The NHS outlines different symptoms for men and women to look out for.
Symptoms in women:
- An unusual vaginal discharge, which may be thin or watery and green or yellow in colour
- Pain or a burning sensation when passing urine
- Pain or tenderness in the lower abdominal area – this is less common
- Bleeding between periods, heavier periods and bleeding after sex – this is less common
Symptoms in men:
- An unusual discharge from the tip of the penis, which may be white, yellow or green
- Pain or a burning sensation when urinating
- Inflammation (swelling) of the foreskin
- Pain or tenderness in the testicles – this is rare
It adds: “Both men and women can develop an infection in the rectum, throat or eyes by having unprotected anal or oral sex.
“If infected semen or vaginal fluid comes into contact with the eyes, you can also develop conjunctivitis.
“Infection in the rectum can cause discomfort, pain or discharge. Infection in the eyes can cause irritation, pain, swelling and discharge, and infection in the throat usually causes no symptoms.”
Let year, PHE announced there were 422,000 new sexually- transmitted disease (STD) cases in 2017, which was around the same number reported in 2016.
There were 7.137 diagnoses of syphilis – a 20 per cent increase compared with 2016 and a 148 per cent increase from 2008.
Gonorrhoea cases were found to be 22 per cent up from 2016 and the number of chlamydia tests had dropped by eight per cent.
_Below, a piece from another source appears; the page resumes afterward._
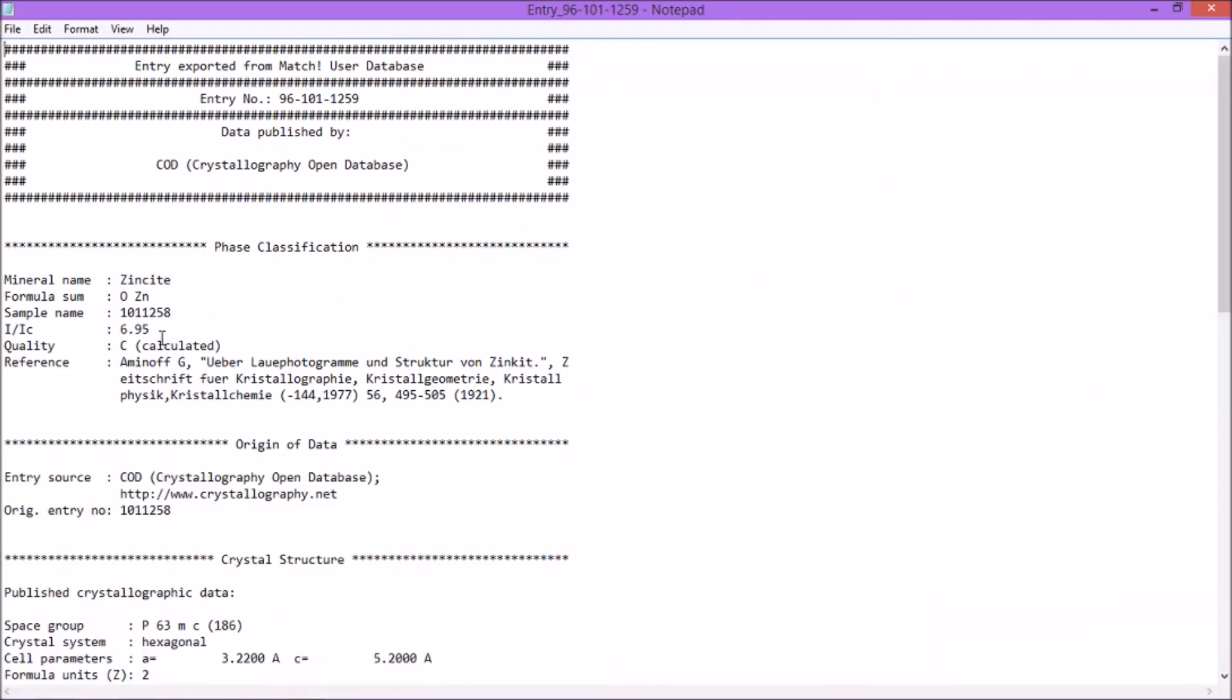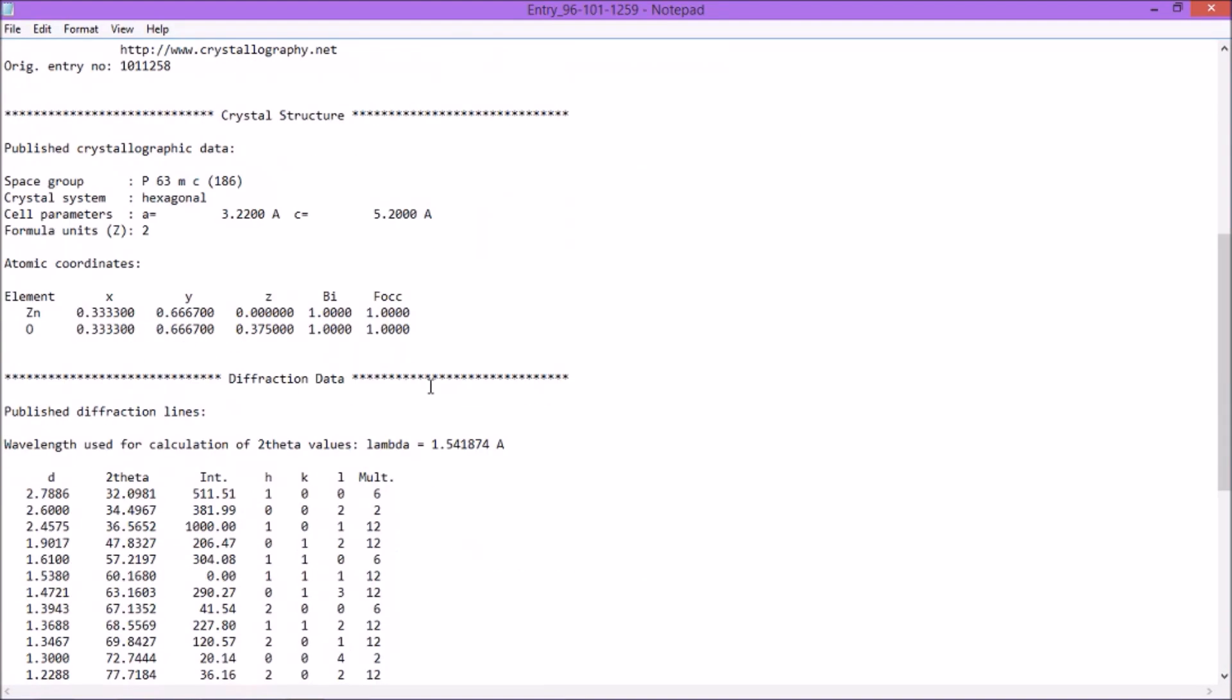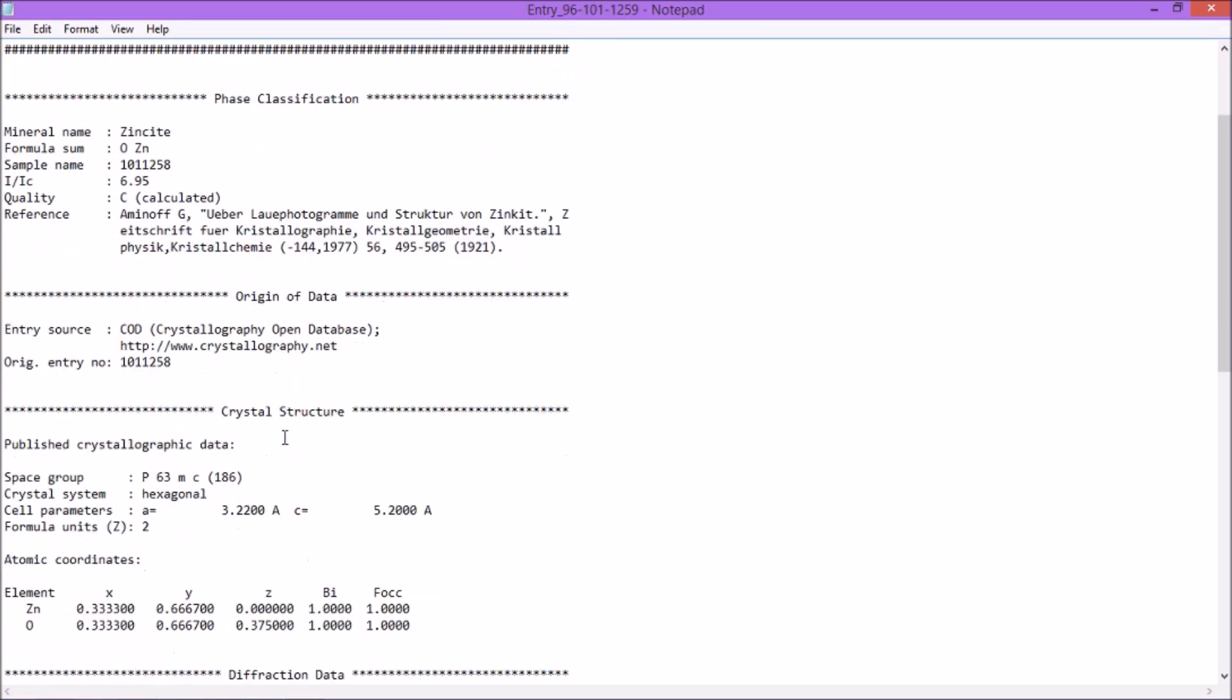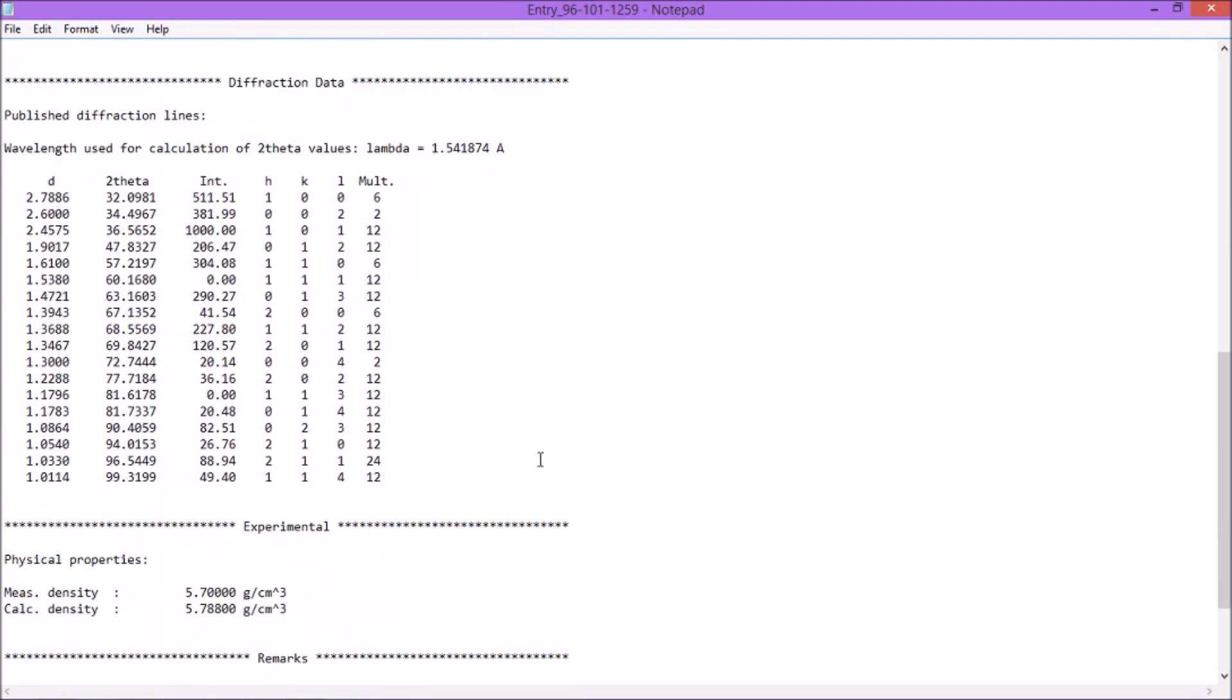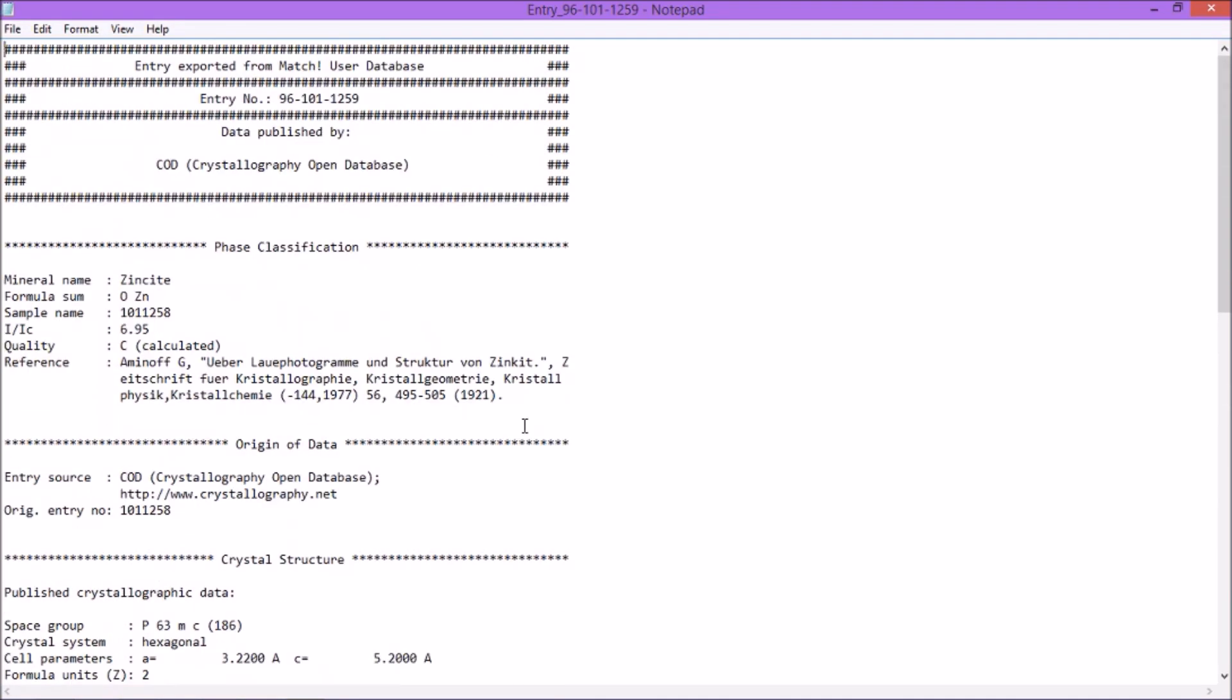You can see the reference here. The EDS values are all there as well. And you can see the d-spacing in angstrom, the two theta values in degree, and the corresponding hkl values. You can see it.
Dr Helen Fifer, a PHE consultant microbiologist, told The Telegraph: “Gonorrhoea can be serious if untreated, with possible long-term health problems including infertility and pelvic inflammatory disease.
“The best way to protect yourself is to always use condoms with new and casual partners.
“Last year, new cases of gonorrhoea increased by 22 per cent in England with many cases becoming more resistant to antibiotics.
“We expect to see further cases of antibiotic-resistant gonorrhoea in the future, which will be challenging for healthcare professionals to manage.”